The remote work wars are largely over by 2025, but not everywhere. The pandemic-era of white-collar workers logging on from home and staying there all week largely ended in 2024, as bosses decided to call them back in to work as many as 5 days a week. (Amazon was a notable company leading the charge, while Elon Musk famously said remote workers were “pretending” to do their jobs.) But commercial real-estate giant JLL found something new in its September 2025 report on the future of hybrid work: a new remote renegade workplace archetype.
This is not the disengaged quiet quitters of the pandemic era, nor is it a staunch traditionalist. This is what JLL called an empowered “non-compliers”: high-value, highly skilled employees who simply ignore office attendance rules when it doesn’t suit them—and they have the leverage to get away with it.
According to the JLL Workforce Preference Barometer 2025, which surveyed 8,700 office workers globally, a significant disconnect has opened between policy acceptance and actual practice. While 72% of the global workforce views office attendance policies positively, that sentiment does not guarantee they actually show up.
Who are the Non-Compliers?
The report paints a vivid demographic profile of this group.
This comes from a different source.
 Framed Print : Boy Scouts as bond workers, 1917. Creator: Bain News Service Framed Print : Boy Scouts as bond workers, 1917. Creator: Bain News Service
Unlike “compliers,” who tend to be older and value stability, the empowered non-complier is typically younger—often between 30 and 34 years old. They are frequently found in the tech sector, particularly in North America, and often hold managerial roles.
“They are highly trained, recent hires and often managers,” JLL wrote. “Strikingly, they tend to work at companies offering more perks,” such as high-quality offices, childcare, concierge services, free meals, and wellbeing programs. For these workers, JLL continued, non-compliance is often driven by personal constraints rather than a dislike of the office itself (or a disregard for all the free food). Many are caregivers who feel their time constraints are “poorly understood and supported at work,” and commuting is a major factor, too.
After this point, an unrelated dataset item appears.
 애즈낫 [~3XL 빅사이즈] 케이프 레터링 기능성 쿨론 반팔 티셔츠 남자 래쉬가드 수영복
High performers, with a skill set to navigate job changes, are a higher flight risk because they know they’re valuable on the open market. “Their non-compliance is less a rejection than a calculated decision based on their sense of empowerment,” JLL concludes, adding that this could change if there’s “turbulence” in the labor market. (Certainly, the emergence of what Federal Reserve Chair Jerome Powell called a “low-hire, low-fire” jobs market would qualify as precisely that kind of turbulence.) The report notes that while compliance with mandates is as high as 90% in France and Italy, it drops to 74% in the U.S., where this “empowered” demographic is concentrated.
The broken psychological contract
The rise of the non-complier signals a broader fracture in the “psychological contract” between employer and employee. The report highlights that burnout has become a serious threat to operations, with nearly 40% of global office workers feeling overwhelmed.
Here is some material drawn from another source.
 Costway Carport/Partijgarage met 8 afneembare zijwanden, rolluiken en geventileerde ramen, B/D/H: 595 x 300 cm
When this implicit contract of being valued is broken, the relationship becomes transactional. Employees stop seeking engagement and start seeking compensation, demanding increased commuting stipends or strictly flexible hours. If the office experience feels “commute-worthy”—offering better technology and amenities than home—acceptance of policies rises. However, almost 40% of global respondents believe their office experience needs improvement, citing issues ranging from noise to a lack of nutritious food.
Two management professors, Peter Cappelli and Ranya Nehmeh, told Fortune in October that they had found a similarly broken contract while researching their recent book on remote work, In Praise of the Office. Nehmeh said they found Gen Z’s behavior in the workplace showed signs of a broken contract between worker and management, as it’s a “very transactional” attitude, which she described as “I show up, I do my job, I get out. I don’t want to be part of anything else.”
Both Cappelli and Nehmeh recommended ending remote work, ironically, because of Gen Z, who are lacking a specific type of mentorship at a crucial point in their careers. “I don’t need to be in the office,” Cappelli said, so he often works remotely. “But I can also see how much worse the place is, because people like me are not in the office, and because we’re not in, the junior people aren’t there either, and so nobody’s there, right?” He described the dynamic as “fine for me … but bad for everyone else.” His findings aligned with JLL’s finding that the empowered non-complier, precisely the sort of high-performing colleague who would be an excellent mentor, that young workers could learn from, are probably not in the office that much themselves.
Ultimately, the empowered non-complier is signaling a shift in what “flexibility” means. It is no longer just about where work happens, but when. Work-life balance has overtaken salary as the top priority for employees globally, cited by 65% of office workers.

The report suggests that successful organizations will stop relying on blanket mandates and instead “personalize the approach.” For the empowered non-complier, retention hinges on autonomy, and JLL recommends that employers move beyond counting days in the office and focus on “management of time over place,” recognizing that for this valuable cohort, flexibility is the new currency of loyalty.
But as Cappelli told Fortune in October, this won’t be an easy thing, because the problems with remote work are really reflective of wider failures on the part of managers. “Management’s just gotten worse,” he said. Commenting on his finding that remote work has resulted in so many meetings that managers are holding post-meeting meetings to make sure the message got through, he added: “It’s a mess. Those things could be fixed, right? But they’re not being fixed.”